CNNでは、ティラーソン氏が会議の中で、北朝鮮が非核化への道筋を示すまで圧力をかけ続けるとの意向を表明したと伝える。また、北朝鮮周辺地域の火力の配備を強化するなど、同国への対応を強めているようだ。グアムには核を搭載できない従来の爆撃機に代わる形で、核武装可能なB-52爆撃機6機を配備した。
◆会談への評価
北朝鮮の五輪参加を巡ってはさまざまな議論がある。BBCの報道によると、バンクーバーの会議に出席した20ヶ国の外相らは制裁強化の方針で一致する一方、現在進行中の南北対話への支持も表明した。
CNNによると韓国外相は対話を大きな前進だと捉えているようだ。しかし北朝鮮が非核化という国際的責務を果たす意思を示していないことから、道のりは長いとも認識しているという。記事ではまた、スムーズな五輪開催のため合同演習を延期した米韓に対し、北朝鮮が核保持の路線に固執している点も指摘する。
CNNでは、ハーバード・ケネディスクールの専門家の見解として、対話はオリンピック参加をめぐる限定的な目的に留まるとの指摘を掲載している。対話が北朝鮮問題のブレイクスルーになるとの捉え方は誤りだとの立場だ。

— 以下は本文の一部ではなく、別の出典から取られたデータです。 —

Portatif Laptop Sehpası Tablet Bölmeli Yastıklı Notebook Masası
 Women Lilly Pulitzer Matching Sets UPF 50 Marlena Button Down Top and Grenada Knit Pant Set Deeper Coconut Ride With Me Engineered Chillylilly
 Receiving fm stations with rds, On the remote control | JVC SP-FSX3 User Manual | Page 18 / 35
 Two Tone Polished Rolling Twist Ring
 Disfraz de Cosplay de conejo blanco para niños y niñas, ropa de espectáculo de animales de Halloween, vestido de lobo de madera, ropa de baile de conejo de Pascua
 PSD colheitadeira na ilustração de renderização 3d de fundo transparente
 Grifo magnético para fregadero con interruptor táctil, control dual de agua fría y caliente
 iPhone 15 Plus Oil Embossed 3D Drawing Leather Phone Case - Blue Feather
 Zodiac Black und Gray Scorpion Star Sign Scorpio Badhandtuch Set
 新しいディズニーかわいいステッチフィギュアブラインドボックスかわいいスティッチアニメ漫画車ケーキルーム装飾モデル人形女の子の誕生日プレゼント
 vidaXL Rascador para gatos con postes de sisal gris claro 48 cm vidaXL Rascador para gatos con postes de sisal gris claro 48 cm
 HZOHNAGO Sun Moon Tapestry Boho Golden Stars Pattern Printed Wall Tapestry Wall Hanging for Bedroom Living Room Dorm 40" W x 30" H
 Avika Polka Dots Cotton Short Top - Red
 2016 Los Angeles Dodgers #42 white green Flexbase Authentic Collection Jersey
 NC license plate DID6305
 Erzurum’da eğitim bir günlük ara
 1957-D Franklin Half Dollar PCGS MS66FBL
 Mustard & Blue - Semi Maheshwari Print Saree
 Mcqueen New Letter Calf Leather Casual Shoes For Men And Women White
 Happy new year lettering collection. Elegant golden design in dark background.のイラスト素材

この見方を裏付けるように、ロイター(1月17日)は核開発中止を拒否する北朝鮮の姿勢を伝えている。北朝鮮国営紙は今週の紙面で、核開発中止を迫れば南北朝鮮の関係が台無しになると警告した。「南北朝鮮関係の改善に向け我々は積極的に動くが、統一を阻害する動きに対しては静観しない」との意思を表明している。